Public Process & Elements of Dominant Culture, from Williams Avenue to Wall Street

Williams Avenue - Portland, Oregon
Williams Avenue - Portland, Oregon

In Portland, a transportation project has raised the ire of historic neighborhood residents, many who feel the city’s sudden will to improve safety on the street is conveniently timed, as most of the neighborhood’s historically black community have now been dispersed to other neighborhoods and a new, more affluent white community has taken their place. Along with those changes have come a neighborhood unlike it was even five  years ago, replete with bustling white-owned shops, bars and restaurants where black-owned businesses once thrived.

The city has responded to this community’s outcry, and a lot of positive and innovative things are now happening as part of the public process around this project, mostly involving discussions of race and class, the historic trampling of the black community by city officials over the past 70 years, the painful wounds still not healed.  Powerful stuff for transportation planners and process facilitators to tackle, but the city deserves some credit for taking the community’s concerns seriously and not ignoring the elephant in the room.

One piece of jargon that has come up a lot through the process is Dominant Culture. What is Dominant Culture?  This is a question anti-racist whites must ask in perpetuity. Below is an excerpt and link outlining how white supremacy has seeped into every aspect of our organizations, businesses, schools and churches.  These characteristics are so prevalent they are often referred to as “normal” or “professional” by white-led groups.

Dominant Culture is powerful precisely because it is so present and at the same time so very difficult to name or identify. The characteristics are used as norms and standards without being pro-actively named or chosen by the group.

They are damaging because they promote dominant ways of thinking to the exclusion of differing ways of being and thinking. The overall effects of these dominant cultural norms is to stop us from talking about power imbalances between individuals and groups …. which stops us from creating cultures supportive of transformation towards justice.
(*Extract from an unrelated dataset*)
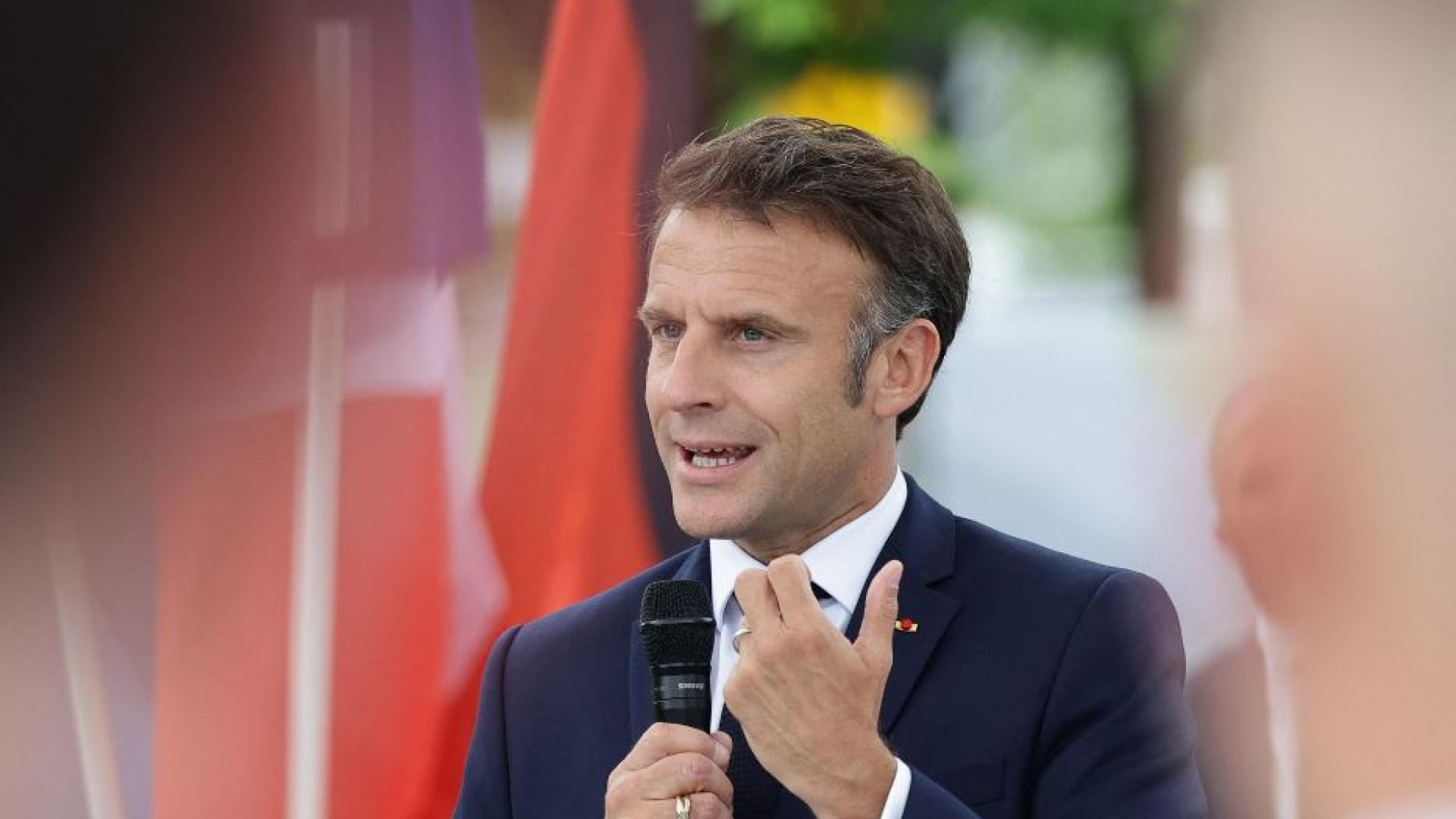 Immagine di Fine vita in Francia, parte il dibattito in aula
Continue reading Elements of White Middle-Class Dominant Culture.

What’s important to understand is that we aren’t simply talking about PAST injustices, we are also talking about PRESENT injustice.  This is extremely pertinent as many whites do not have a good understanding of white privilege and lack the necessary tools of understanding to actually dismantle systems of racism.  Read the handout, resist an immediate temptation to get defensive, and just take it in.  Going forward, see if you can identify these characteristics in your personal behavior, at work, at home, in your activism.

The Occupy Wall Street movement has succeeded in challenging many tenets of Dominant Culture at a populist level, but the work has only begun.  My hope for the Williams Avenue process is that it will compel more Portlanders to confront their own privilege and racial identity, and help usher in a new era of restorative justice locally.  To hope for such an outcome from a transportation project is why I live in Portland.

Referenced work above is reproduced here for educational purposes only.  If anyone has a better version of this document, I would appreciate receiving a copy.

1 thought on “Public Process & Elements of Dominant Culture, from Williams Avenue to Wall Street”

  1. Thanks for sharing these thoughts and for the document. I too give a lot of credit to PBOT for being open and willing to let all this dialogue take place.

    I remain ambivalent about all of this… And I just haven’t been able to put it into words just yet.